The descent from Lishan was at times, precipitous and at other times, endless meandering along country roads.  It was taking us longer than the one hour that the policeman had anticipated when he asked us to make the detour.  We were beginning to get bored with the monotony of the winding road, the drizzle, and farms lying in fallow.  Wushe was miles away and Puli, the last hill station on this leg of the journey, still a further forty kilometers or so and Taichung, another forty.  About a hundred kilometers!  Luckily the rain had eased somewhat and showed signs of stopping altogether in an overcast sky.  The descent to Wushe was rather steep and at places acute hair-pin bends.  Just as we were negotiating one of these tortuous descending hair-pin bends, my daughter called out to stop as she had seen something we had not and obviously was very excited.

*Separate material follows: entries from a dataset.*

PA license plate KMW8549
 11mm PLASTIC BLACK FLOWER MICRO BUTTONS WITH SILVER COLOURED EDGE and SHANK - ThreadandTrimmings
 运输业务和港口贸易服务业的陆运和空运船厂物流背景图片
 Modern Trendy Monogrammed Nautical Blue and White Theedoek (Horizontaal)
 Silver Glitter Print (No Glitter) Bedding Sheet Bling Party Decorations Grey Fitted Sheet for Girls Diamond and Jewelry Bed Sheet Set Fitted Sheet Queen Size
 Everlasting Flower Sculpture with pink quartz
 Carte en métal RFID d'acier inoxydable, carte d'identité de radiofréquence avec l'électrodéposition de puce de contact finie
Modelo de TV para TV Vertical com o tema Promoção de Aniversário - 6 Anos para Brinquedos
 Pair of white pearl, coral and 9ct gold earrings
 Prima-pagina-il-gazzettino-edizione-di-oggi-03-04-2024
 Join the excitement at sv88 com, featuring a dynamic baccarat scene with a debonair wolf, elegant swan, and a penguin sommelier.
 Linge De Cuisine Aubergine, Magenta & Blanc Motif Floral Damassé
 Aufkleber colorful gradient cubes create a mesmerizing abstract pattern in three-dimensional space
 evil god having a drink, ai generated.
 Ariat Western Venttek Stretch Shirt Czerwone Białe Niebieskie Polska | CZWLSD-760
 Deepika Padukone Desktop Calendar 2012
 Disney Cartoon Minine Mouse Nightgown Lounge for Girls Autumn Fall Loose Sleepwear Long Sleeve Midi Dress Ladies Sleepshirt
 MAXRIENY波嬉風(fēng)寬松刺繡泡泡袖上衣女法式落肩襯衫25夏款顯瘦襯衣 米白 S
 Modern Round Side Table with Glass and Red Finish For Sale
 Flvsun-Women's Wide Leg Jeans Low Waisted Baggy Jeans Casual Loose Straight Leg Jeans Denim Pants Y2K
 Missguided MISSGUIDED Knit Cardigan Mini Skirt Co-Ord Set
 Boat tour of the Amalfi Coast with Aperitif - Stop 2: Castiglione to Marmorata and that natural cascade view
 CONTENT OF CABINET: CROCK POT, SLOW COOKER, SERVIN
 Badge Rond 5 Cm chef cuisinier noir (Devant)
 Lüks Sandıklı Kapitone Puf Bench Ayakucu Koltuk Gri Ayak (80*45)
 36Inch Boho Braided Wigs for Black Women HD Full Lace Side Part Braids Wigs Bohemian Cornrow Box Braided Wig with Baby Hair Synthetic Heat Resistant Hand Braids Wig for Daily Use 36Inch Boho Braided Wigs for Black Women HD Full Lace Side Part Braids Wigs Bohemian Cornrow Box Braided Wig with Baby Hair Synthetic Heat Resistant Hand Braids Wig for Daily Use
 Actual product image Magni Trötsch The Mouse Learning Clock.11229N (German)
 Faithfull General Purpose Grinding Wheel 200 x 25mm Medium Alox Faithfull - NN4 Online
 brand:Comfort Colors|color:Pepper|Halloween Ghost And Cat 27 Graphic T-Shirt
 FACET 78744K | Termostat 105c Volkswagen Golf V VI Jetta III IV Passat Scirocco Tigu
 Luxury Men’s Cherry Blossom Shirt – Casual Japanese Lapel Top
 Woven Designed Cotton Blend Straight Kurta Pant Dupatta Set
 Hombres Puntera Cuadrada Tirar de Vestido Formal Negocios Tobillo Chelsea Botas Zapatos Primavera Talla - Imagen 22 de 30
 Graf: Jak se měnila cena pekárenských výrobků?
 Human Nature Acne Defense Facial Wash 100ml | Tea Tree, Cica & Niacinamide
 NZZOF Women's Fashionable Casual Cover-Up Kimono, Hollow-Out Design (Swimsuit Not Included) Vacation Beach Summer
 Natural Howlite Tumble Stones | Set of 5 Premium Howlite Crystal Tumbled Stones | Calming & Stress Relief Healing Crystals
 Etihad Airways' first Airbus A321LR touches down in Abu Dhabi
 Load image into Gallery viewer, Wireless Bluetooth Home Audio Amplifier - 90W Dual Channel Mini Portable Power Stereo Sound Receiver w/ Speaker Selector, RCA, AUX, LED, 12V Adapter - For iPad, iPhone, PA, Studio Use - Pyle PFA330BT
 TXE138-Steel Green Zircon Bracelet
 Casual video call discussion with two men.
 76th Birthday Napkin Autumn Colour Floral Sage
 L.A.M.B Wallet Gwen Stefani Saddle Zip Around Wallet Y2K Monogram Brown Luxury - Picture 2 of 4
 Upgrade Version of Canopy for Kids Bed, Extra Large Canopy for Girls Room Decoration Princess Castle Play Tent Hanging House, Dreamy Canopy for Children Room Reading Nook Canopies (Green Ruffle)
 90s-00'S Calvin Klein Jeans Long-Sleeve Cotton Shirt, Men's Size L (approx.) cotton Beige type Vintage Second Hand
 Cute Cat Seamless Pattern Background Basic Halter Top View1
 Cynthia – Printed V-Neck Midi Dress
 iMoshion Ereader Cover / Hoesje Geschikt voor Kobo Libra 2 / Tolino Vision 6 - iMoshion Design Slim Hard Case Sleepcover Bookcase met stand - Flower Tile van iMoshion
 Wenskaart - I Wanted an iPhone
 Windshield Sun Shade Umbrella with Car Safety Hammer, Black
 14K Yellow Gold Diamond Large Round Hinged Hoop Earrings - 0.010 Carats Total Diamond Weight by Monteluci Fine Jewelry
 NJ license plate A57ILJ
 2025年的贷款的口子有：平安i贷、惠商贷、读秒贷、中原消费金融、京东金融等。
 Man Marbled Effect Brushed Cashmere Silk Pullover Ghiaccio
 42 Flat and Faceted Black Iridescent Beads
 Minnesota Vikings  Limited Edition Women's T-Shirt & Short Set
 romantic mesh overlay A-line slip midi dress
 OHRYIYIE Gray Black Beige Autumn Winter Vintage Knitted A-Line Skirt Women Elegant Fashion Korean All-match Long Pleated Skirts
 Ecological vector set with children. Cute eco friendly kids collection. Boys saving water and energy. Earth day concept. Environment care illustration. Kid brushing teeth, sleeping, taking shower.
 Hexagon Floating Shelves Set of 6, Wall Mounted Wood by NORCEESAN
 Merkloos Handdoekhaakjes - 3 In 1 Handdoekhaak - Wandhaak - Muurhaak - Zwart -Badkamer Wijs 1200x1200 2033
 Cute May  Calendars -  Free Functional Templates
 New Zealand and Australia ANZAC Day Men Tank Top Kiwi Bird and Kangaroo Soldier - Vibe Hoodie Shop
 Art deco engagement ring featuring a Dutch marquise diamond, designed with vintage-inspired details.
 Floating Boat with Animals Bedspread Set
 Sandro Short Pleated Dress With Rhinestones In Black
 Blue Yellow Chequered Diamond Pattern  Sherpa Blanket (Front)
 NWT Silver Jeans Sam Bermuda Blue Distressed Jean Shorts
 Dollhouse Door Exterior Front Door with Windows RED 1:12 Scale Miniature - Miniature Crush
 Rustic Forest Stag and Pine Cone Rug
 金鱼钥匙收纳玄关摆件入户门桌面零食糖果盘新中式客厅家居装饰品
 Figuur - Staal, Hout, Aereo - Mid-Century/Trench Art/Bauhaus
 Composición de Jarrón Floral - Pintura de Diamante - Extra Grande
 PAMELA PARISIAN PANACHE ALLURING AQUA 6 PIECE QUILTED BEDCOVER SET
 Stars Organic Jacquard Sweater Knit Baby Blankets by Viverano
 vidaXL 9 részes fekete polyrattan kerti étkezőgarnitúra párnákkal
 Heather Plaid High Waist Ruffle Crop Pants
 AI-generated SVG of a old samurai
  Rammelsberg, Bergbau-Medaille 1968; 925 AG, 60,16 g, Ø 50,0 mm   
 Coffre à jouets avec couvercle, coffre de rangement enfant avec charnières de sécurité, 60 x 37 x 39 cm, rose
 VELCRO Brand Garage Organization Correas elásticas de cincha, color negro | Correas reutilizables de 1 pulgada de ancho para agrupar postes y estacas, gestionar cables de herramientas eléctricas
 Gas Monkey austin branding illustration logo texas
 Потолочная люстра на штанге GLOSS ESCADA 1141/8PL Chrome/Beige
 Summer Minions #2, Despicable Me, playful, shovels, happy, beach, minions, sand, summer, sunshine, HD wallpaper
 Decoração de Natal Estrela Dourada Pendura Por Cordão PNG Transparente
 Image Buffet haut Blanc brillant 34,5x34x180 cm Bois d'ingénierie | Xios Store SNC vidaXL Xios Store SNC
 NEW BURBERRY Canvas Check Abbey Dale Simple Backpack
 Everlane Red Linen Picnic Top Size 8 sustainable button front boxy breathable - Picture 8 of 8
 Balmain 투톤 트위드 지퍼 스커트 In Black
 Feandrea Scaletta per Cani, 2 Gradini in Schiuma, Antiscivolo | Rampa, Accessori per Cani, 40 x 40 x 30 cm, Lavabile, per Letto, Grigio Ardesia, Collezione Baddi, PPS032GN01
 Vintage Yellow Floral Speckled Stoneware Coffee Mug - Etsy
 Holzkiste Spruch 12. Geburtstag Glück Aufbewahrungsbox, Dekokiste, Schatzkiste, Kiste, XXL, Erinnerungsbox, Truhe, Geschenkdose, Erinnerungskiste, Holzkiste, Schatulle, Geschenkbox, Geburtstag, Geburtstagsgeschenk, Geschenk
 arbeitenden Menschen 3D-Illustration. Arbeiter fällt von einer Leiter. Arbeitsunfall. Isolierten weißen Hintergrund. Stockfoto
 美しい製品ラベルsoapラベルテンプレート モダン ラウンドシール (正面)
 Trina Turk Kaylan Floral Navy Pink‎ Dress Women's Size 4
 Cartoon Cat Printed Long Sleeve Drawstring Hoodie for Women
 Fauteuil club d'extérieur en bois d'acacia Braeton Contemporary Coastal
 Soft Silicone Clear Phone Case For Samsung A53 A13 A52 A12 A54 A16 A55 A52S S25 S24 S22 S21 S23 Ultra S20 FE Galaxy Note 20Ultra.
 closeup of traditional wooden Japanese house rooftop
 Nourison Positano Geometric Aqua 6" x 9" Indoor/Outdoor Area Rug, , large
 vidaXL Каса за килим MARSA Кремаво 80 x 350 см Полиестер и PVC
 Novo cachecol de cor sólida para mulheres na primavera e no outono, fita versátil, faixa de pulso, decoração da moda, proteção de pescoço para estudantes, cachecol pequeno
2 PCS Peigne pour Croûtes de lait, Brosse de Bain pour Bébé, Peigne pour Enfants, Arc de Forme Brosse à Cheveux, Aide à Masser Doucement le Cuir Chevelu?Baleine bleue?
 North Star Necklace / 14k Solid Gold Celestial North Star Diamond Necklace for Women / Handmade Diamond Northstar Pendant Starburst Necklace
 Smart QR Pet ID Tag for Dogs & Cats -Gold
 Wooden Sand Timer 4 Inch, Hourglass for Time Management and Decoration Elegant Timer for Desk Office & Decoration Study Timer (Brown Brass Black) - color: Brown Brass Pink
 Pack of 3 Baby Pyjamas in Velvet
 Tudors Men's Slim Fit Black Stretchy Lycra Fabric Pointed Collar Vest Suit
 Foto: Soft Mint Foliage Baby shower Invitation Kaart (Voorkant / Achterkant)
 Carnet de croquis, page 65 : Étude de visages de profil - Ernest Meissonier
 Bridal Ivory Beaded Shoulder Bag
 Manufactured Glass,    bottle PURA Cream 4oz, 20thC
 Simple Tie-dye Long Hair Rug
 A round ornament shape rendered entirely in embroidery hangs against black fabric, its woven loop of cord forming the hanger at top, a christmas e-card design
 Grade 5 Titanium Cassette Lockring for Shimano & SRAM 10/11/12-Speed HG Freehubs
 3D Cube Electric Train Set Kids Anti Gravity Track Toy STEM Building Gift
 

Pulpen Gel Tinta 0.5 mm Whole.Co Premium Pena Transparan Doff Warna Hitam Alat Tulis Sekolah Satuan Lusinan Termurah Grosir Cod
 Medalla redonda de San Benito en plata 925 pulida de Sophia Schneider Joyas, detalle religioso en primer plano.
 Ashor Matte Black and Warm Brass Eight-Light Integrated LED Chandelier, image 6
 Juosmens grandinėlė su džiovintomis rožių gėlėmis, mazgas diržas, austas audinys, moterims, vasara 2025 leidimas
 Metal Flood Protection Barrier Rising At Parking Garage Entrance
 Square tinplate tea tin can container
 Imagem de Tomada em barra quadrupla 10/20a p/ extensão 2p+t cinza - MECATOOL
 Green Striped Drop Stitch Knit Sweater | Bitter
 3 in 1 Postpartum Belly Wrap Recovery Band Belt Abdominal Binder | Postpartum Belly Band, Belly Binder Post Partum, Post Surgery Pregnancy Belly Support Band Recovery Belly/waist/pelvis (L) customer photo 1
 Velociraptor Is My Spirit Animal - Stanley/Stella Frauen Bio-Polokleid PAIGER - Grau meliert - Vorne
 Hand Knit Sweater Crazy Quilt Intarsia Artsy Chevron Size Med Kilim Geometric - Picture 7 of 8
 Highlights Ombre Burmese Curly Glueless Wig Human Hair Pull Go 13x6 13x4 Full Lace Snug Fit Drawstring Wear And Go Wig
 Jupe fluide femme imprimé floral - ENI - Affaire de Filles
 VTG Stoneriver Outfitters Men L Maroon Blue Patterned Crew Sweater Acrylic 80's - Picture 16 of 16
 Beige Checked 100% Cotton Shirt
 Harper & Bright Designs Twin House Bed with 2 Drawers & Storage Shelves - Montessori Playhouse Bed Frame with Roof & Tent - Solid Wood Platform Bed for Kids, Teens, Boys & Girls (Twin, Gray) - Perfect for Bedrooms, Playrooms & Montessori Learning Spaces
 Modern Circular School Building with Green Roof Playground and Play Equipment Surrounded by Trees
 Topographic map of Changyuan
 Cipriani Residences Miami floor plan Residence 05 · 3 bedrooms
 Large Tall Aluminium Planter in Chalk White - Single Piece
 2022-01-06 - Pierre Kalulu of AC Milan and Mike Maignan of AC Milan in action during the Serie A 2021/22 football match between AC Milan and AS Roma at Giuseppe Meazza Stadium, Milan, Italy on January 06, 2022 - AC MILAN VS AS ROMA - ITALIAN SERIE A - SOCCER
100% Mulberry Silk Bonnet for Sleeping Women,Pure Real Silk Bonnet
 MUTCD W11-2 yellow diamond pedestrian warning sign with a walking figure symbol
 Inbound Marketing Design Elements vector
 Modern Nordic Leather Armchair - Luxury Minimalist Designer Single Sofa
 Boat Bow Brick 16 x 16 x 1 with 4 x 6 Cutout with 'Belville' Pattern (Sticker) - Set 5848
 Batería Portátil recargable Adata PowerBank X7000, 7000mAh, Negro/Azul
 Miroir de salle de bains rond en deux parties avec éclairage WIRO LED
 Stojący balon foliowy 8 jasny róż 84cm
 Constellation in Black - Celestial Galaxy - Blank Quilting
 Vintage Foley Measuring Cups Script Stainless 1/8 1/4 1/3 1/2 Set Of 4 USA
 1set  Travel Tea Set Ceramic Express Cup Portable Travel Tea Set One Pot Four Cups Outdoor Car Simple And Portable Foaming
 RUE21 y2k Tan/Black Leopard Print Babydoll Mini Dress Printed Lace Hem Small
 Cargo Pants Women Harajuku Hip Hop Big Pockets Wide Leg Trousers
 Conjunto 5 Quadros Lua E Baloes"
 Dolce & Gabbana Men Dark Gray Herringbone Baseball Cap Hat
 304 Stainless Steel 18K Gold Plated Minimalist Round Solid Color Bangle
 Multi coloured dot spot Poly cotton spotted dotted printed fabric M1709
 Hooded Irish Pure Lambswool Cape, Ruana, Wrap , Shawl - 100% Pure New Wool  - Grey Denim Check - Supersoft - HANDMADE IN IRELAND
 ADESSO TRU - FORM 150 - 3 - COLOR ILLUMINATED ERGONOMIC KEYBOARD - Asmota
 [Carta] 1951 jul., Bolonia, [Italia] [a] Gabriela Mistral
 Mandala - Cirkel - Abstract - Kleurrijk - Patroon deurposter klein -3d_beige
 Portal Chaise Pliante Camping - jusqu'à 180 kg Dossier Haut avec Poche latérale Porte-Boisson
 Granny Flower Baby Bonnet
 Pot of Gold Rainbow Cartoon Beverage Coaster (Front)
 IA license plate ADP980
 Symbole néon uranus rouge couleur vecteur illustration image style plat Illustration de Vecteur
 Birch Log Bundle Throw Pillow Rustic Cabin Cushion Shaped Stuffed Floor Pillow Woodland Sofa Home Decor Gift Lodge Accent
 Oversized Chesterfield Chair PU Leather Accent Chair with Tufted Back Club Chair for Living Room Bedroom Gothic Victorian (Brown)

There in front of us at the entrance of a village was a sign that read, BIHU, in bold letters.  Their mother explained that “bihu” in Chinese means a serene green lake and the village takes its name from the lake in this village.  “A damsel with a dhol/In a vision once I saw/It was an Assamese maid/And on her dhol she played/Singing of the joy of Spring/And BIHU….”  Here was a different Bihu; a farming hamlet tucked away amongst the hills and mountains of Nantou County in the middle of Taiwan, but the emotions evoked could, perhaps, have been the same as we took in the beauty, the serenity, and joy of this little place before continuing our drive back to Taichung.  The mind, Milton tells us, is in its own right and can make a hell out of heaven or a heaven out of hell.  Heaven, we realize, is definitely a place on earth.